LEONCAVALLO is hard at work, composing, scribbling ideas on sheet music.
There’s a knock at the door.
LEONCAVALLO: Enter!
It’s his friend MARIO.
MARIO: Ruggero!
LEONCAVALLO: What’s the matter, my old friend? You look as if you’ve heard some bad news.
MARIO: Bad-ish.
LEONCAVALLO: Bad-ish?
MARIO: How are you, anyway? How’s Mrs Leoncavallo keeping? You know, we don’t go out for a drink as often as we should, you and me...
LEONCAVALLO: If you have some bad news, just come out and say it.

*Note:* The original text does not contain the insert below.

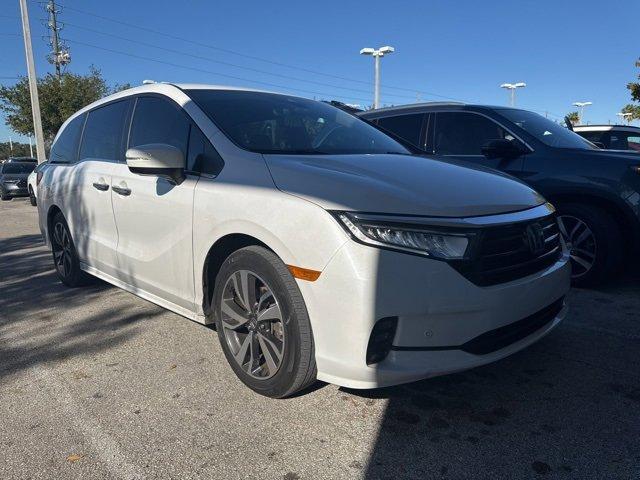 2023 honda odyssey touring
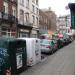 Rue Nagelmackers dans la ville de Liège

MARIO: You know how you’ve been writing this opera thing for a couple of years now?
LEONCAVALLO: Yes.
MARIO: And it’s based on the novel La Vie De Boheme, by Henry Murger.
LEONCAVALLO: Yes.
MARIO: Has it been going well at all?
LEONCAVALLO: It has been a struggle, a titanic effort of will, but at last, after devoting my every waking moment to it for the past two years, the end is in sight. I feel, at last, this could be my ticket to the big time. This could be the one that really gets me noticed. The story is very ‘now’.
MARIO: Right.
LEONCAVALLO: Only last night, I came up with a title. It shall be called – 'La Boheme'!
MARIO: Yes. That’s the thing, you see.
MARIO unrolls a bill poster:
OPENING NEXT WEEK. THE BRAND NEW OPERA FROM PUCCINI. ‘LA BOHEME’. BASED ON THE NOVEL ‘LA VIE DE BOHEME’.
LEONCAVALLO: Tits! Tits! Tits!
This story is particularly ironic because Leoncavallo had already got in trouble for ripping-off someone else’s libretto for his Pagliacci, which, unlike his La Boheme, is still performed today.